Records from a data source:
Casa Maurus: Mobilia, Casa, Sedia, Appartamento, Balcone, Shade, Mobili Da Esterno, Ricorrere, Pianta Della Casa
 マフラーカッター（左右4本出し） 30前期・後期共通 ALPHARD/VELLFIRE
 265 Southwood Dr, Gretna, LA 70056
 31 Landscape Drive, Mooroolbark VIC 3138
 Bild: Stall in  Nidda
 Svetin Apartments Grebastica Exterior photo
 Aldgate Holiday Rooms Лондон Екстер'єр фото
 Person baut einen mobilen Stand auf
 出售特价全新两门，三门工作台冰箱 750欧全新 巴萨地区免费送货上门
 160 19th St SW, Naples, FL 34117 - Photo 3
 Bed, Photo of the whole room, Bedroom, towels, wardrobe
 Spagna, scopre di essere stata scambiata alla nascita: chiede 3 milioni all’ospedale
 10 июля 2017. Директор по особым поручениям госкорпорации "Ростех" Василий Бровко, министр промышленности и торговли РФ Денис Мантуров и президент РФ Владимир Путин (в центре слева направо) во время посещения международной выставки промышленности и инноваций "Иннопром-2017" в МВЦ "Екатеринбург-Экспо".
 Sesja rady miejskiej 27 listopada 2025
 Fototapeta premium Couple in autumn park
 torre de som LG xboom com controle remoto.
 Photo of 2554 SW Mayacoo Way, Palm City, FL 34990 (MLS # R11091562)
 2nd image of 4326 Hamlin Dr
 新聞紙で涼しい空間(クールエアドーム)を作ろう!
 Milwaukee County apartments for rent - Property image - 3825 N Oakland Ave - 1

→ What is being asked
All lines above that contain the word "image" are to be copied.

→ Completed exercise
 2nd image of 4326 Hamlin Dr
 Milwaukee County apartments for rent - Property image - 3825 N Oakland Ave - 1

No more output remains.